GPU Gems 2 is now available, right here, online. You can purchase a beautifully printed version of this book, and others in the series, at a 30% discount courtesy of InformIT and Addison-Wesley.
The CD content, including demos and content, is available on the web and for download.
Mark Harris
NVIDIA Corporation
Ian Buck
Stanford University
Flow control is one of the most fundamental concepts taught to beginning programmers. Branching and looping are such basic concepts that it can be daunting to write software for a platform that supports them in a limited manner. The latest GPUs support vertex and fragment program branching in multiple forms, but their highly parallel nature requires care in how they are used. This chapter surveys some of the limitations of branching on current GPUs and describes a variety of techniques for iteration and decision making in GPGPU programs.

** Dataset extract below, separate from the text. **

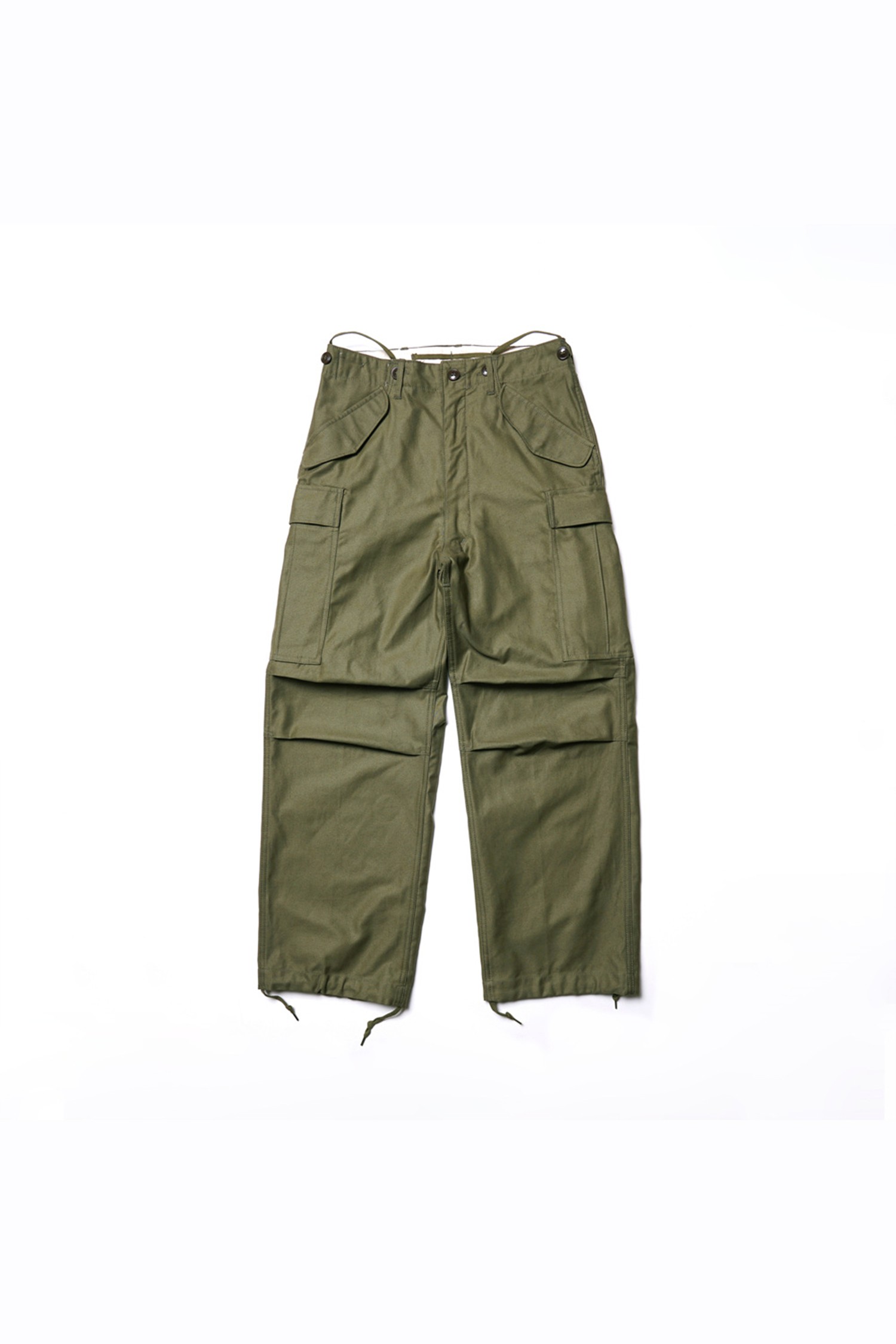 [YMCL KY] US M-51 Field Cargo Pants - Olive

Let's start by discussing the most obvious form of flow control on GPUs. All current high-level shading languages for GPUs support traditional C-style explicit flow-control constructs, such as if-then-else, for, and while. The underlying implementations of these, however, are much different from their implementations on CPUs.
For example, consider the following code:
if (a)
b = f();
else
b = g();
CPUs can easily branch based on the Boolean a and evaluate either the f() or g() functions. The performance characteristics of this branch are relatively easily understood: CPUs generally have long instruction pipelines, so it is important that the CPU be able to accurately predict whether a particular branch will be taken. If this prediction is done successfully, branching generally incurs a small penalty. If the branch is not correctly predicted, the CPU may stall for a number of cycles as the pipeline is flushed and must be refilled from the correct target address. As long as the functions f() and g() have a reasonable number of instructions, these costs aren't too high.
The latest GPUs, such as the NVIDIA GeForce 6 Series, have similar branch instructions, though their performance characteristics are slightly different. Older GPUs do not have native branching of this form, so other strategies are necessary to emulate these operations.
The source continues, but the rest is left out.